Monday, April 26, 2010

We're in the Same Situation, but It's Really Completely Different

Getting back to context, which isn't exactly a term for class but has so much affect on rhetoric that I think it ought to be, I have another example of it at work.

Weeks ago now, I was walking on the trail by my apartment during what was basically the trail's rush-hour. That was entirely unintentional on my part. It's just that when I wanted to clear my head and take advantage of the nice weather happened to be the same time when lots of people were out on the trail, many of them heading home from work.

One such person was a Hispanic guy who looked like he was about my age and happened to start talking to me. It turned out that he was an immigrant who had only been in the country for a year, so his English was fairly broken. Since the only Spanish I know, I learned from Sesame Street ("Tu me gustas, that means I like you!"), there was a substantial language barrier, but we still somehow managed to have a fairly decent conversation.

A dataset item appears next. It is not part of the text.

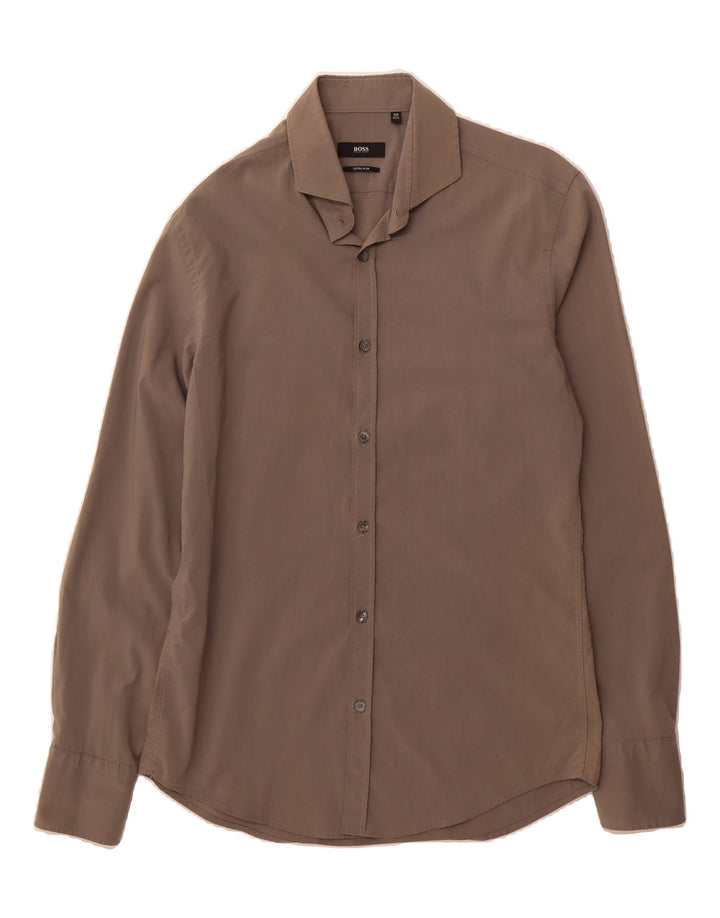 HUGO BOSS Mens Extra Slim Fit Shirt Size 15 1/2 39 Medium Grey Cotton Vintage Hugo Boss and Second-Hand Hugo Boss from Messina Hembry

Now, here's where context comes into play: before we started talking, I assumed he was a college student enjoying the nice weather, just like me. Likewise, he assumed that I was in high school and on my way home, just like him. No matter how hard I tried, I couldn't get across that language barrier that I was just out for a stroll, and that I needed to turn around to get back to my apartment before dark.

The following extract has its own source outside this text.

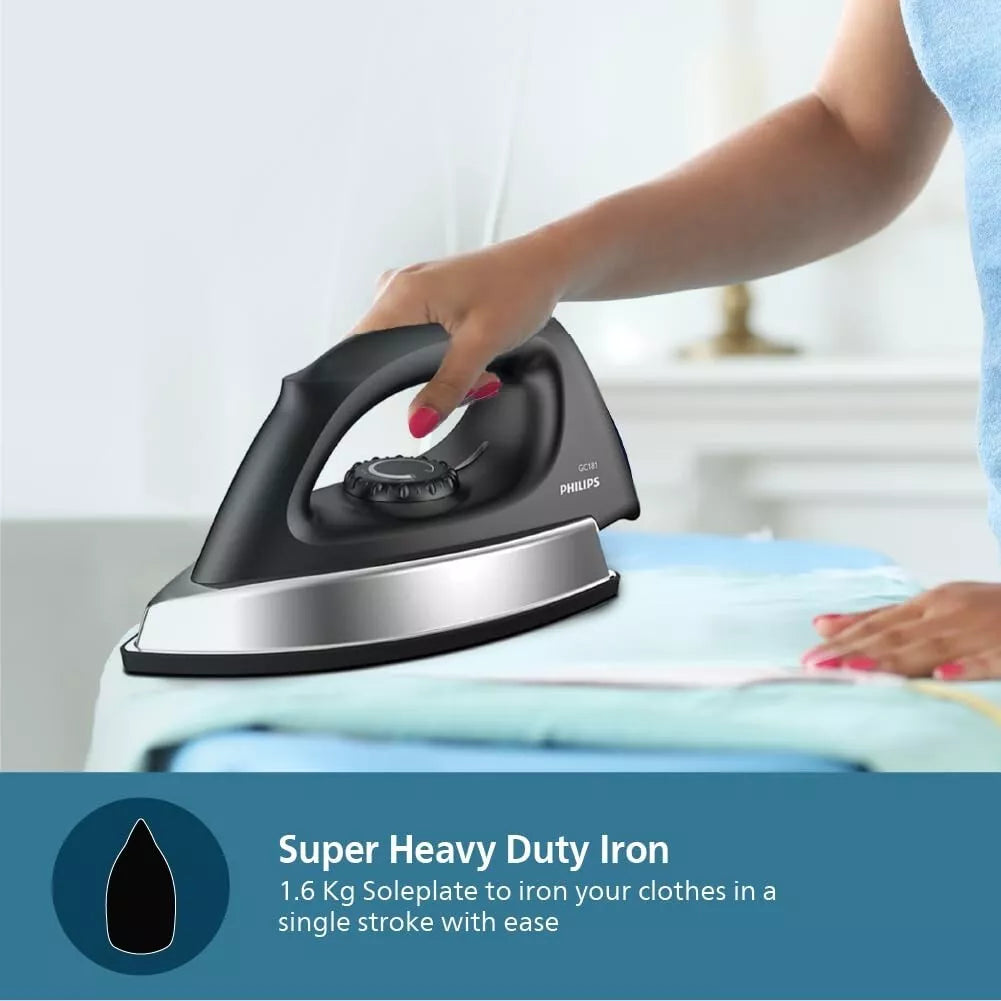 PHILIPS Heavyweight Dry Iron Stainless Steel Ergonomic Non-Stick 1000W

If he had just been out for a stroll, he probably would have caught on much quicker, but human nature seems to be that we assume everyone in a certain situation is there for the same reasons and in the same way that we are.

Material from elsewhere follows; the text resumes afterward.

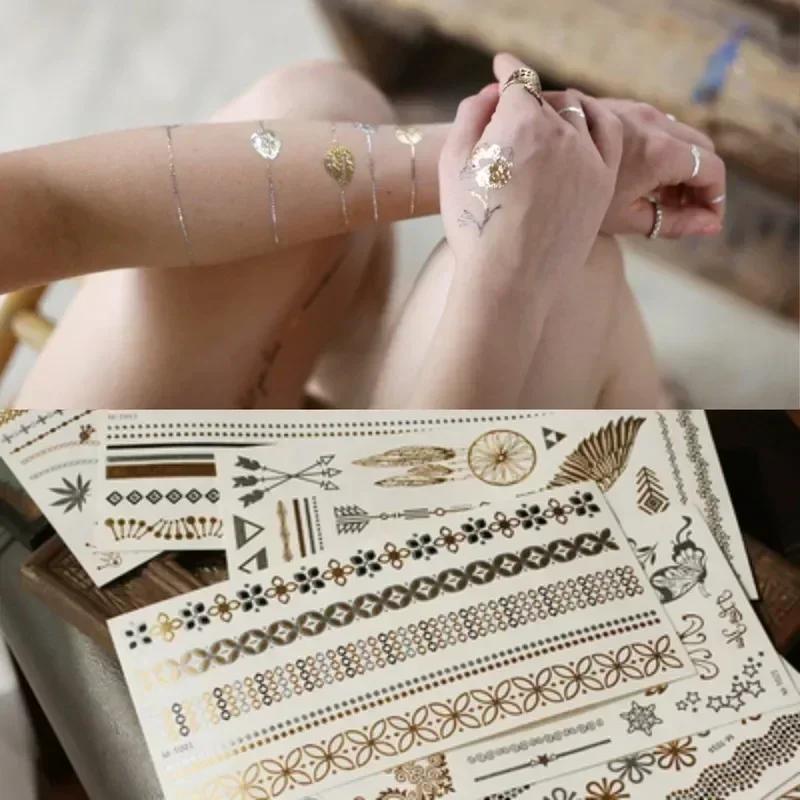 3 Sheets Tattoo Temporary Disposable Tag Gold Metallic Waterproof Silver Black Flash Fake Gold Tattoos Adhesives Decal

Come to think of it, I had a similar encounter in the elevator at the beginning of last school year. There was no language barrier this time, but a guy assumed that since I lived in the same dorm as he did, and since I lived on an Honors floor just like he did, I had to be a Freshman just like he was. It took me a bit to figure it out, because he was talking about "that class we have to take." As a Freshman, I probably would have caught on right away that he was referring to Honors Freshman Seminar. Just one year later, I had no idea.